- **YOUR ASSIGNMENT**: A word-for-word copy of the entries, with images excluded, is the expected answer.
--- START ---
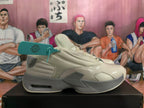 Side profile of a beige sneaker with gray accents and a visible heel cushioning window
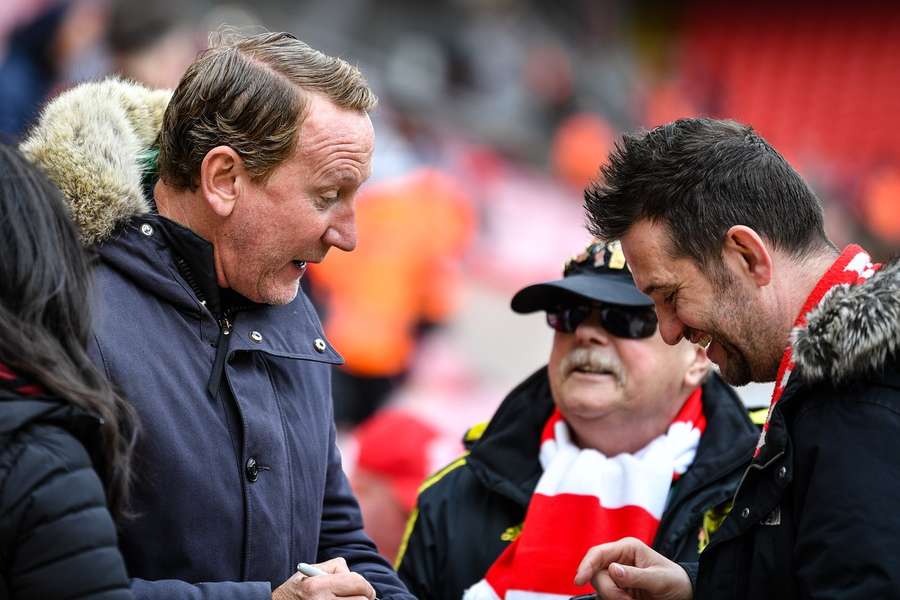 Ray Parlour (L) chatting with fans in April 2023
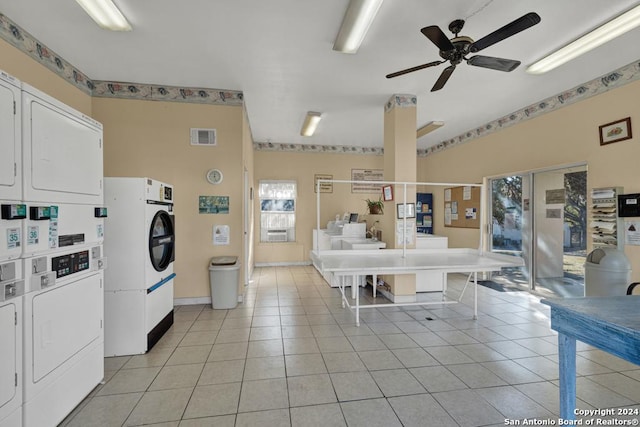 kitchen with light tile patterned floors, separate washer and dryer, white cabinetry, and ceiling fan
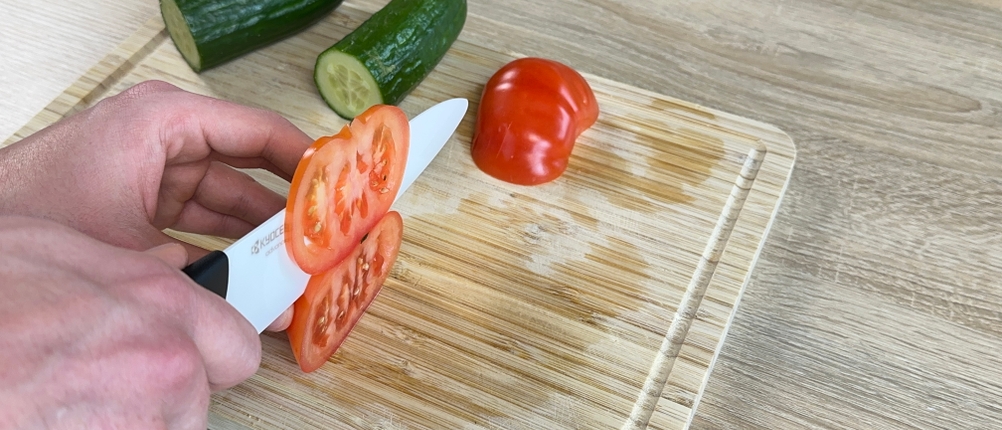 Das Kyocera-Keramikmesser schneidet eine Tomate auf einem Holzbrett. Die Hand führt den Schnitt von oben.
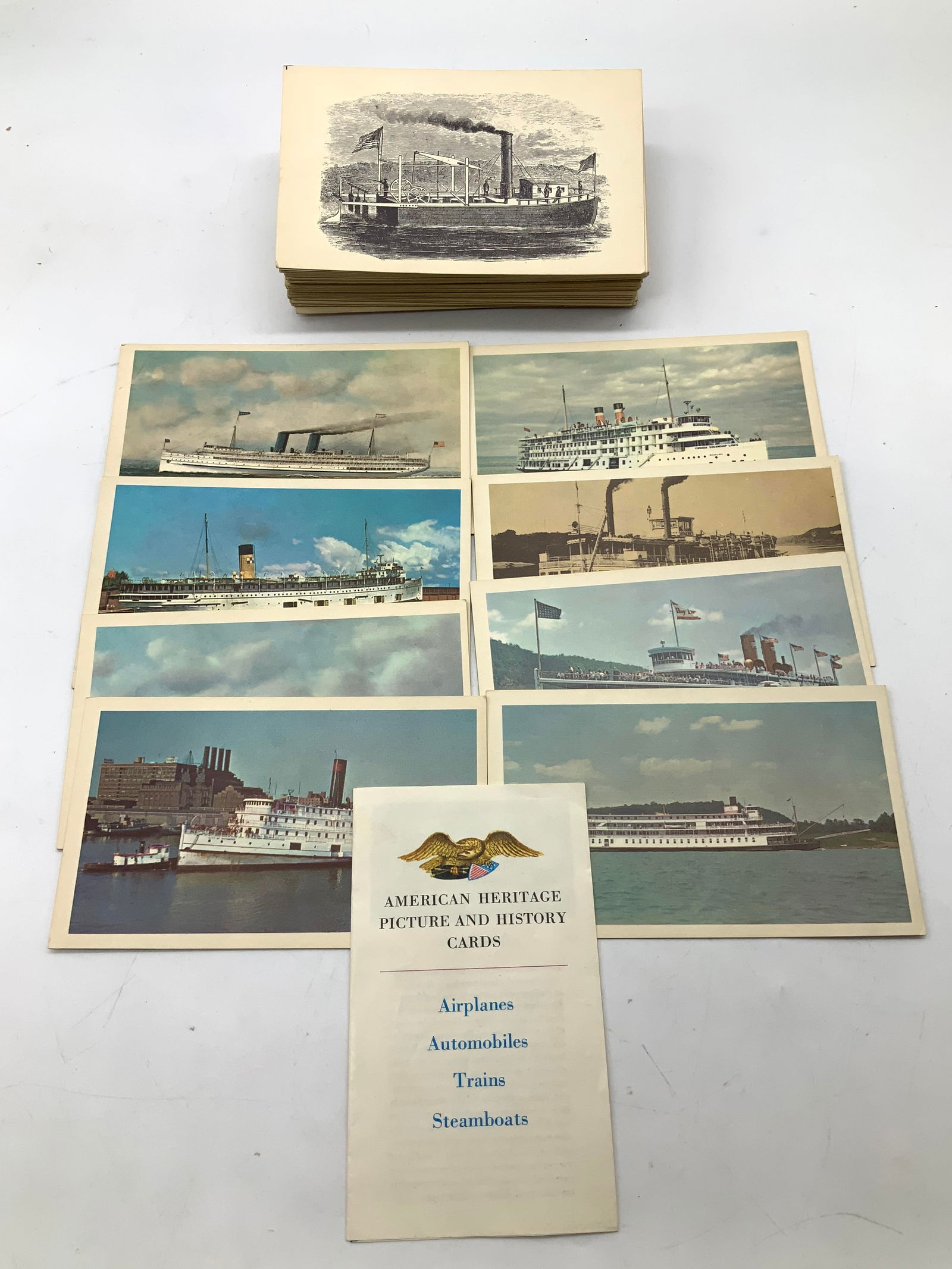 Lot 40+ American Heritage Picture & History Cards: Lot 40+ American Heritage Picture & History Cards Lot includes over 40+ heritage picture & history cards of airplanes, automobiles, trains & steamboats. Cards feature illustrations on one side & under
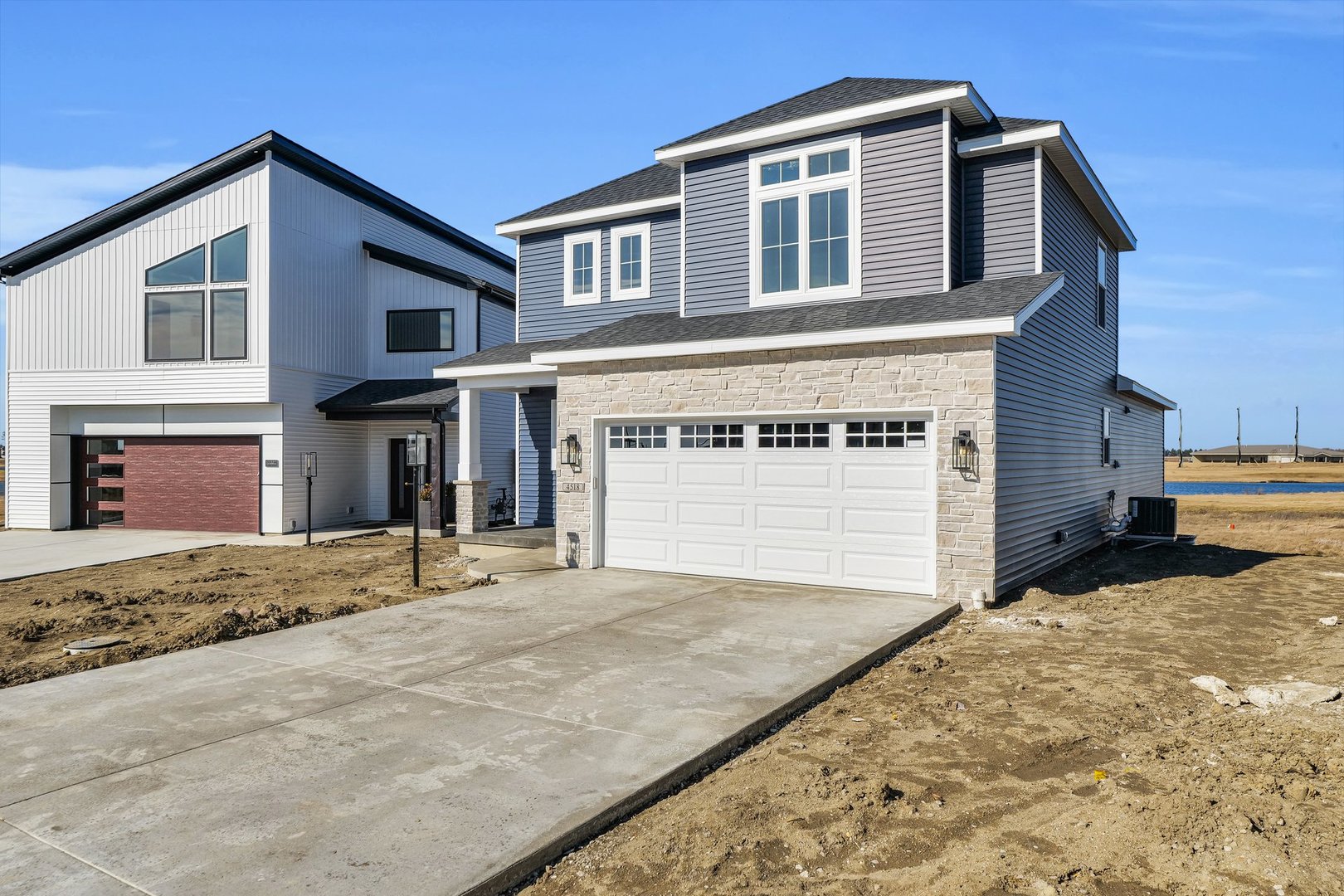 4518 Legends Drive Champaign, IL 61822 - Photo 3 of 44 a front view of a house with a yard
--- END ---
- **ANSWER TO THIS EXERCISE**:
 Side profile of a beige sneaker with gray accents and a visible heel cushioning window
 Ray Parlour (L) chatting with fans in April 2023
 kitchen with light tile patterned floors, separate washer and dryer, white cabinetry, and ceiling fan
 Das Kyocera-Keramikmesser schneidet eine Tomate auf einem Holzbrett. Die Hand führt den Schnitt von oben.
 Lot 40+ American Heritage Picture & History Cards: Lot 40+ American Heritage Picture & History Cards Lot includes over 40+ heritage picture & history cards of airplanes, automobiles, trains & steamboats. Cards feature illustrations on one side & under
 4518 Legends Drive Champaign, IL 61822 - Photo 3 of 44 a front view of a house with a yard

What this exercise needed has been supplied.